• [Task item]: Within the entries below, the lines from the one with "Now as you can" through the one with "Number 30. Why" are to be set down exactly, both ends kept.

BEGIN

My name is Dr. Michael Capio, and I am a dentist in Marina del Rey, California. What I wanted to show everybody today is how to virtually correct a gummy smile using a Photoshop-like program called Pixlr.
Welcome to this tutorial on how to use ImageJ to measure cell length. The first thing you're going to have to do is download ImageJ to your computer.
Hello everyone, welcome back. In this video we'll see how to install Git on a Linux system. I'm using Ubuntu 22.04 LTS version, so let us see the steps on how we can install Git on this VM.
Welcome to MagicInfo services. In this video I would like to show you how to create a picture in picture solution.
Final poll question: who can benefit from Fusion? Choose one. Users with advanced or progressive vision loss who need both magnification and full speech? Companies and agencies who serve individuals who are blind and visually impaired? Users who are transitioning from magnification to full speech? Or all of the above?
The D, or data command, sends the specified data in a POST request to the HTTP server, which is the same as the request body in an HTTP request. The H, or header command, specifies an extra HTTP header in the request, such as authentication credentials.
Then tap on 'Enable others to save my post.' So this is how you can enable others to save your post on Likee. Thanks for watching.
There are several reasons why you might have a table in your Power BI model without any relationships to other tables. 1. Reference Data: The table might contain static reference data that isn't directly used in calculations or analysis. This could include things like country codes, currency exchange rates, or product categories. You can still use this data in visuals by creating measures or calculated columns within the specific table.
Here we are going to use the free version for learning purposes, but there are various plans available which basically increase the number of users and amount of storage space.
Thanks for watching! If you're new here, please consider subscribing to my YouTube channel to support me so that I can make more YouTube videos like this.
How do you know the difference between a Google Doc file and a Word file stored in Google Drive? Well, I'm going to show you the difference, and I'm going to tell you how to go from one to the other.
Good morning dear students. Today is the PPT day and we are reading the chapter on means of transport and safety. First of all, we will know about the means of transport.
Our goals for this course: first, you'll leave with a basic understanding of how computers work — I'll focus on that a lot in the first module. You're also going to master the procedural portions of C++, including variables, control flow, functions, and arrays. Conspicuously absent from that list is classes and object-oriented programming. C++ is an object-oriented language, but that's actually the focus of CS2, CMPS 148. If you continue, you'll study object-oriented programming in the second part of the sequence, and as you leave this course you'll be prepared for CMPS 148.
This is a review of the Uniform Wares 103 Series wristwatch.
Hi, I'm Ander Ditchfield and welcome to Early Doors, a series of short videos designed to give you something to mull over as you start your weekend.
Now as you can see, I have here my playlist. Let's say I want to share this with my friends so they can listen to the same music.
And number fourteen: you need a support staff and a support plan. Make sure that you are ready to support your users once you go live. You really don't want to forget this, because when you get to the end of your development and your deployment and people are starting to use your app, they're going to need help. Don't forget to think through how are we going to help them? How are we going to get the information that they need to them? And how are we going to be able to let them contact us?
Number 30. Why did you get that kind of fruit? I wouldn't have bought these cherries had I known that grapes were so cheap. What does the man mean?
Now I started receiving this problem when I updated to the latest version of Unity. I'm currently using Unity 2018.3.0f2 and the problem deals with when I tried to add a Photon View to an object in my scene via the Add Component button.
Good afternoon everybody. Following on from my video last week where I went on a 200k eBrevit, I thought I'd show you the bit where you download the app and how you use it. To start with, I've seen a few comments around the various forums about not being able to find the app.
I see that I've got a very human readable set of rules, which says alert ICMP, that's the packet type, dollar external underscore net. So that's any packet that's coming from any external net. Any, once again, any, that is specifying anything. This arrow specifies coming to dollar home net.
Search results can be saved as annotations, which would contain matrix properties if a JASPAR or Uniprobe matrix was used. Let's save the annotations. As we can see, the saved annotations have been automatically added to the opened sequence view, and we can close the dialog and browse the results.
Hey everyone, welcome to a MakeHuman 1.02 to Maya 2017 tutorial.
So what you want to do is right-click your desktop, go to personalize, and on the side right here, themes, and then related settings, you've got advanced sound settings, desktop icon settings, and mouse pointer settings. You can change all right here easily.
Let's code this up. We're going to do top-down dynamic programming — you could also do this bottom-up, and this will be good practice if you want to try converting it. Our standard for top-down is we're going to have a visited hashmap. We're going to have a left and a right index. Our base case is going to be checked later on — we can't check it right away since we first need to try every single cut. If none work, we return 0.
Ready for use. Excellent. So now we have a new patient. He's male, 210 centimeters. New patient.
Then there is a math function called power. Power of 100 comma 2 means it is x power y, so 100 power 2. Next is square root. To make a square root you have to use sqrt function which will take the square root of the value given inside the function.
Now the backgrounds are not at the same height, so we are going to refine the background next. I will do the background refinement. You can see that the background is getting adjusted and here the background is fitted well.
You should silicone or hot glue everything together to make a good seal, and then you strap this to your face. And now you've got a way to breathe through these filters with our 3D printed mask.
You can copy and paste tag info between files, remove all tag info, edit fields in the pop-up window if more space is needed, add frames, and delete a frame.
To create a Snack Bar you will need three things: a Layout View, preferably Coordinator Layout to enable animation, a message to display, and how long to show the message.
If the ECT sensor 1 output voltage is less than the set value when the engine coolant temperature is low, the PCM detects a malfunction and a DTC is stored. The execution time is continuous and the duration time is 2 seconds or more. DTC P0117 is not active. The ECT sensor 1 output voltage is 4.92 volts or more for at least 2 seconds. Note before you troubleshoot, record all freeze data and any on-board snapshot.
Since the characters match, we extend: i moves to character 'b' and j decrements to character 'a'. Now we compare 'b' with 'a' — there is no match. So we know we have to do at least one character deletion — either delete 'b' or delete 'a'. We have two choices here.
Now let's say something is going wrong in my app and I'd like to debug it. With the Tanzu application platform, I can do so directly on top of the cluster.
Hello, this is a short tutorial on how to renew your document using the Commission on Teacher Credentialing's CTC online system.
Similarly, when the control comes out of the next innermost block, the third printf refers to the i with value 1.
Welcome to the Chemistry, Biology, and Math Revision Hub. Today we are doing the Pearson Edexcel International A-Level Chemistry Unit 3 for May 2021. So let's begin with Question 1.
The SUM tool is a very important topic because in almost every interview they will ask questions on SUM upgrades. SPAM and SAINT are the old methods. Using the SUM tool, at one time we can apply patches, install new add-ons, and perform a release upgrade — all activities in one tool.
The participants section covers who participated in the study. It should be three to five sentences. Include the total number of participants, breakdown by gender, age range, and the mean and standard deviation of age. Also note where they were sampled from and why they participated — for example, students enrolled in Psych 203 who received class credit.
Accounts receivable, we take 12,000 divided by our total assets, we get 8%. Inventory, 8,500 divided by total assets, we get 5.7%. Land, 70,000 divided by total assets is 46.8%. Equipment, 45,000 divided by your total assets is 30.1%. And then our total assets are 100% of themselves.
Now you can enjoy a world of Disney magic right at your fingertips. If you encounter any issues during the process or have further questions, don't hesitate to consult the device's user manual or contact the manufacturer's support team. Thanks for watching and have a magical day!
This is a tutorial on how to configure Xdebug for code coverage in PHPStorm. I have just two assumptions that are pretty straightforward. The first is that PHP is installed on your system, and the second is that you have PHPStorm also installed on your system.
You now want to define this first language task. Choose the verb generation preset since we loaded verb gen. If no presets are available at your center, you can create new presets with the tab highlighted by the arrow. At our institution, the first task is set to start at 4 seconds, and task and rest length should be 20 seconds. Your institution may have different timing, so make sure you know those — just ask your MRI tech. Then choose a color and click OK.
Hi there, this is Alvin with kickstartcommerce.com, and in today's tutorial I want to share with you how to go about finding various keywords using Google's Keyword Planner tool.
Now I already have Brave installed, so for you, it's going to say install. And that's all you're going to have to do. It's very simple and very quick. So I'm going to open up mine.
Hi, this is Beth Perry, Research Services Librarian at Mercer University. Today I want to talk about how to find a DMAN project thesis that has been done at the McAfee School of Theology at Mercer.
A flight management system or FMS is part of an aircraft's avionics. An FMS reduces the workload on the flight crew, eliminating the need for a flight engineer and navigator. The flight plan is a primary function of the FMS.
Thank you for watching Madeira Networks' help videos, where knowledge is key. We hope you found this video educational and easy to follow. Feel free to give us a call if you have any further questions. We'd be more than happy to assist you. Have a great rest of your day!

END

• [Result]:
Now as you can see, I have here my playlist. Let's say I want to share this with my friends so they can listen to the same music.
And number fourteen: you need a support staff and a support plan. Make sure that you are ready to support your users once you go live. You really don't want to forget this, because when you get to the end of your development and your deployment and people are starting to use your app, they're going to need help. Don't forget to think through how are we going to help them? How are we going to get the information that they need to them? And how are we going to be able to let them contact us?
Number 30. Why did you get that kind of fruit? I wouldn't have bought these cherries had I known that grapes were so cheap. What does the man mean?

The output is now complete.